Some vertical style anglers working manmade fish attractors such as stakebeds and brushpiles in the 6 to 14 foot range are catching fish too. They’ve had to make several stops as the fish are a bit scattered but that will continue to improve in the days ahead.

Even a few crappie were taken this week by anglers casting slip bobbers and fixed style Carlyle style floats over submerged structure. Both jigs and live minnows were paying dividends.

So the fish are on the move and following a typical prespawn pattern. It’s fair to say a variety of patterns and depths are producing fish. From casting jigs to spider rigging or just vertical presentations that put the bait right in the face of finicky fish, Kentucky Lake’s midrange depths in a multitude of places are beginning to produce increased numbers of crappie.

Bass fishermen have seen some improvement too along the gravel banks, rip-rap levees and shallow roadbeds. Right now it’s crankbait heaven along Kentucky Lake as bass begin to move up and respond to warmer surface temps.

Crawfish colored crankbaits are the norm this time of year but a wide variety of color combinations will produce as the water color has cleared. The last few weeks saw a lot of muddy to dingy water around but falling lake levels pulled most of the stain out of shallow areas.
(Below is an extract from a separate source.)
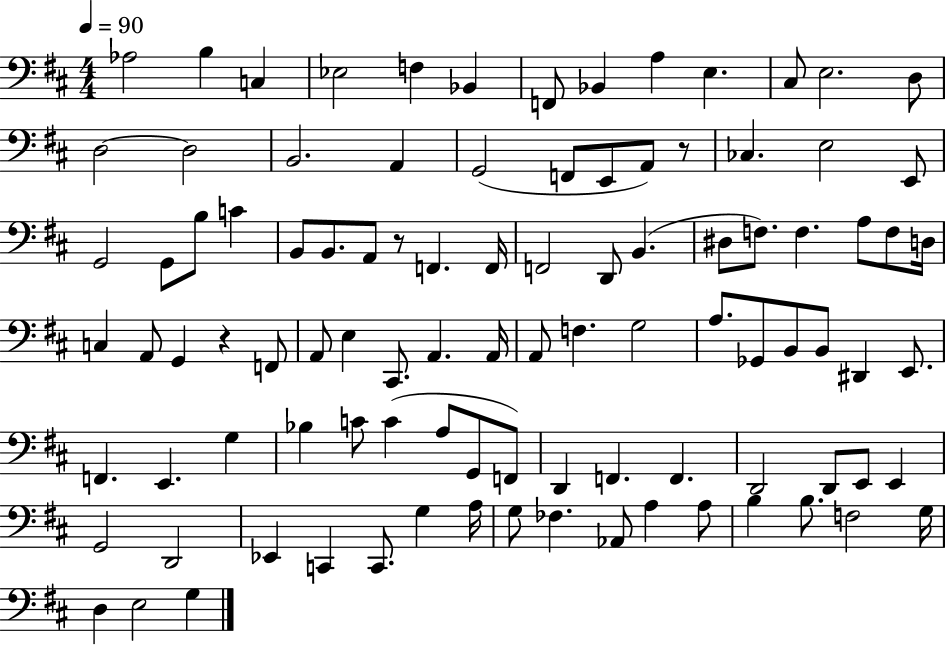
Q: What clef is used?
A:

Some bass fishermen are tossing swim baits off the deep shoreline banks plus offering Carolina rigs at times. And, the ever popular Texas rigged craws in green pumpkin pepper are popular too as are jig and craw combos worked slowly over rocks.

Topwater presentations have yet to get going but that will soon change when surface temps reach the upper 50’s and low 60’s. Some fishermen have been tossing spinnerbaits around any exposed wood such as crappie beds or perhaps logs that extend into deeper water from the shoreline.

Soon everyone can say spring has sprung. Let the games begin!